Patients with conventional risk factors had more thrombotic risk factors. Low antithrombin-III, high fibrinogen and high lipoprotein (a) levels were found in young Indian patients with angiographically proven CAD who were on treatment with statins and antiplatelet drugs. PAI-1 levels were significantly lower in patients. But t-PA, v-WF and homocysteine levels were comparable among patients and controls. Smoking was found to raise the levels of thrombotic risk factors in both patients and controls. Treatment with statins and antiplatelets may be reason for lower levels of many of the thrombotic risk factors. The strategies aiming at lowering the levels of these thrombotic risk factors may be useful in primary and secondary prevention of CAD, along with strict control of conventional risk factors.

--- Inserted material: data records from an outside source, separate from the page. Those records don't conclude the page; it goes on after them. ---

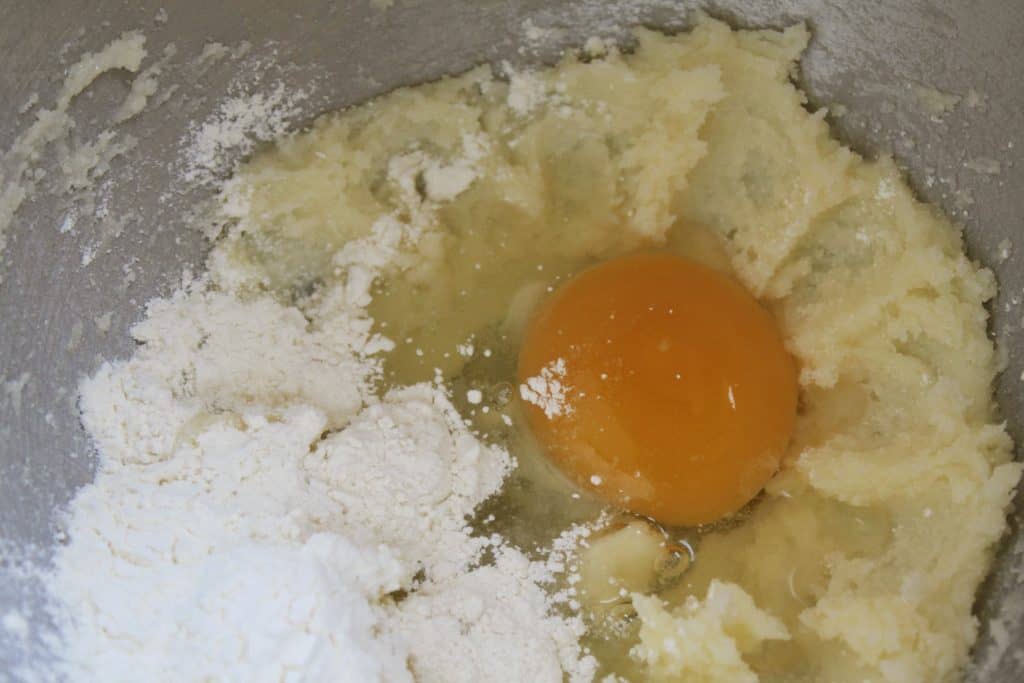 making Scottish Snowballs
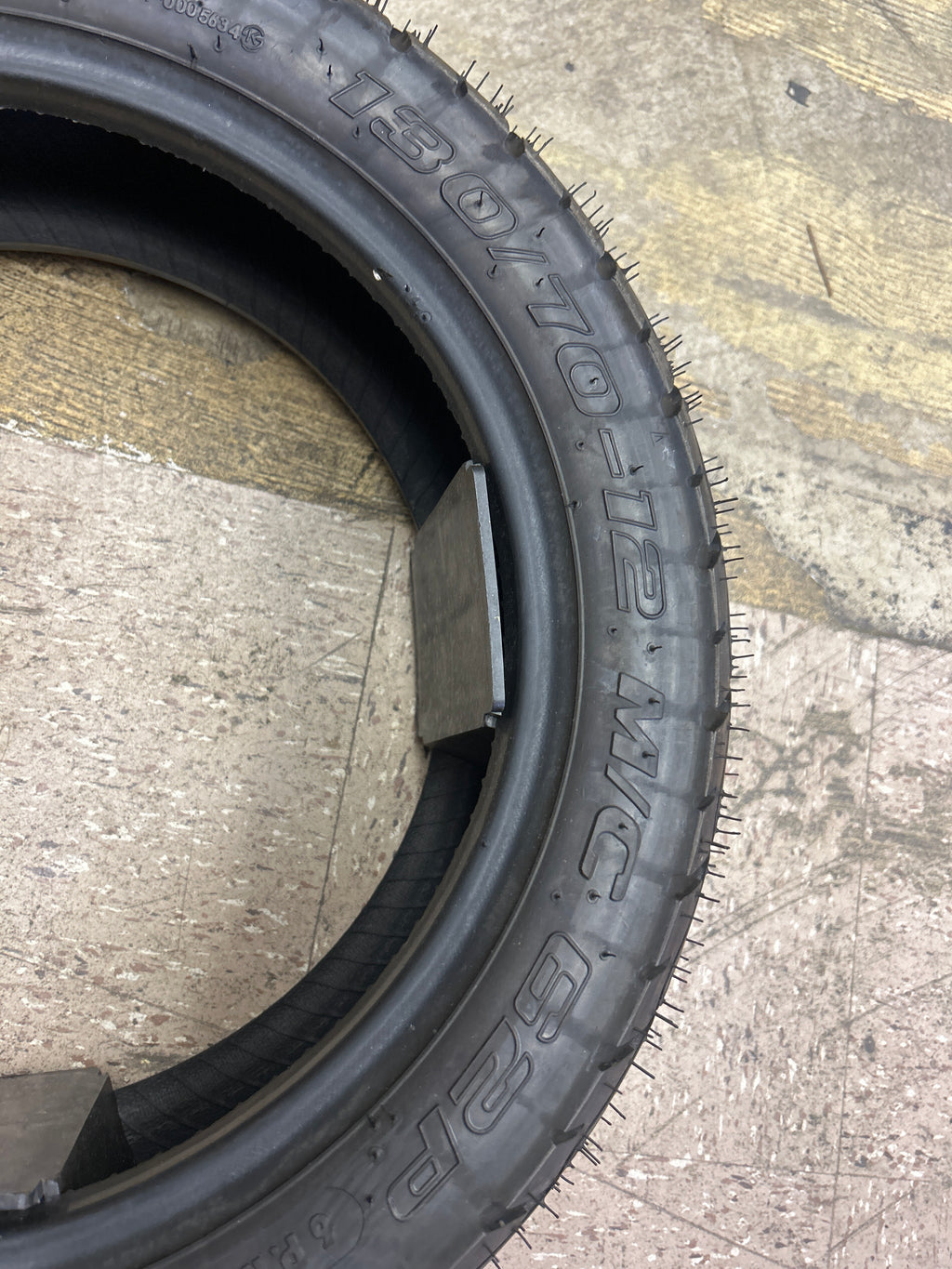 SHINKO SR723 BSW 130 70 12 62P REAR SCOOTER TIRE 874500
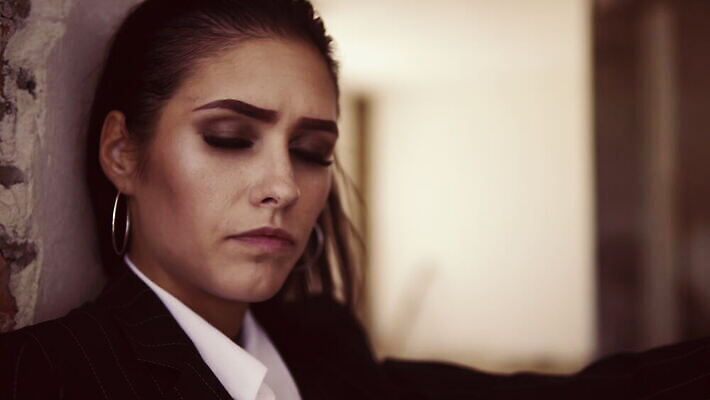 라이프스타일 응시 여자 얼굴 창문 휴가 주택 갈색머리 흡연 담배 한명 정장 야외 건물 카메라 잡기 자신감 닫기 연기 버리기 개성 다락방 독립 마우스피스 보유 해로움 4K MOV 해외동영상 클립영상 1 헤어스타일 건축물 시선 옷 감정 컨셉 모션 사람 생활 신체부위 전자제품 동영상 파일형식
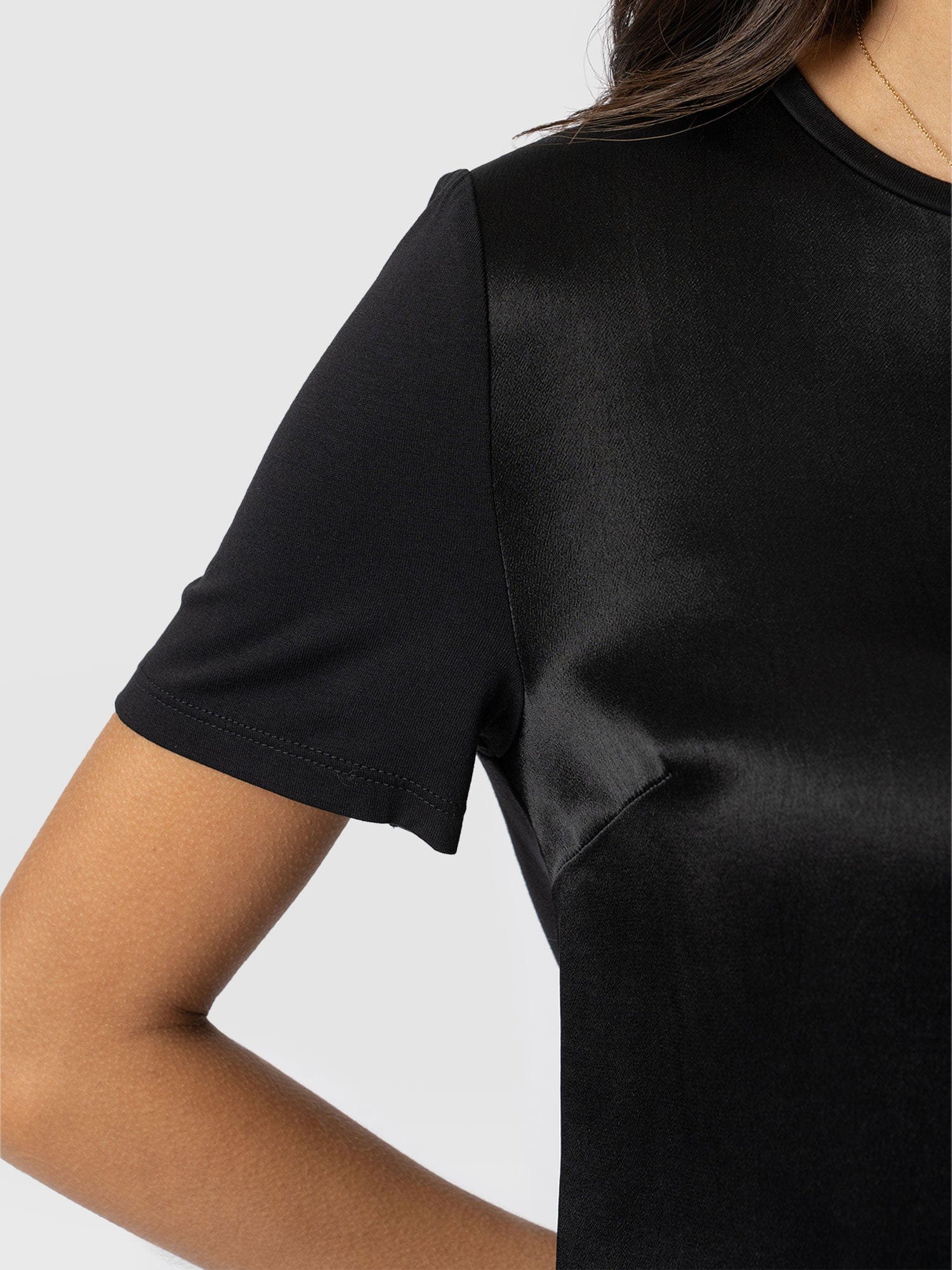 5352-rayner-contrast-tee-black-1.webp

Strengths and Limitations of the Study

We had collected blood from patients who were on treatment with statins and anti-platelet drugs, and we could not make a comparison of patients without the influence of these drugs, as it is unethical to withhold these drugs from patients with CAD. Another major limitation of the study is that the sample size was not uniform for all of the factors. Major reason for this was the financial constrains as most of the reagent kits were expensive. Since this is a case–control study any unknown bias could also have resulted in differences in values. But our study was unique in the fact that it is only study from our region which analyzed combined thrombotic risk factors in the patients and controls along with conventional risk factors, presenting of symptoms and angiographic profile of CAD.

Acknowledgments

All authors wish to acknowledge the grant provided by Kerala State Council for Science, Technology and Environment, Pattom P.O. Thiruvananthapuram, Kerala, India (FILE No.: 041/SRSLS/07/CSTE). Authors also acknowledge the Junior Research Fellowship and Senior Research Fellowship provided to Ms Reema George by Council of Scientific and Industrial Research, Pusa, New Delhi, Pin: 110001(File No.: 09/523(0075)/2011-EMR-I). Authors wish to thank Dr Lissy K Krishnan and all staff of Thrombosis Research Unit (SCTIMST), for providing facilities for conduct of experiments related to thrombotic risk factors. Help rendered by all staffs of Central Clinical Lab- Department of Biochemistry and Department of Cardiology (SCTIMST) is also acknowledged. Facilities provided by Advanced Clinical Research (ACR) Lab, Kerala Health Research Welfare Society, Medical College, Thiruvananthapuram are also acknowledged. Authors also thank the effort of Manas Chacko, Krishna Sankar and Anand for the help rendered in collection of samples and data.

Compliance with Ethical Standards

Conflict of interest

Authors declare no conflict of interest.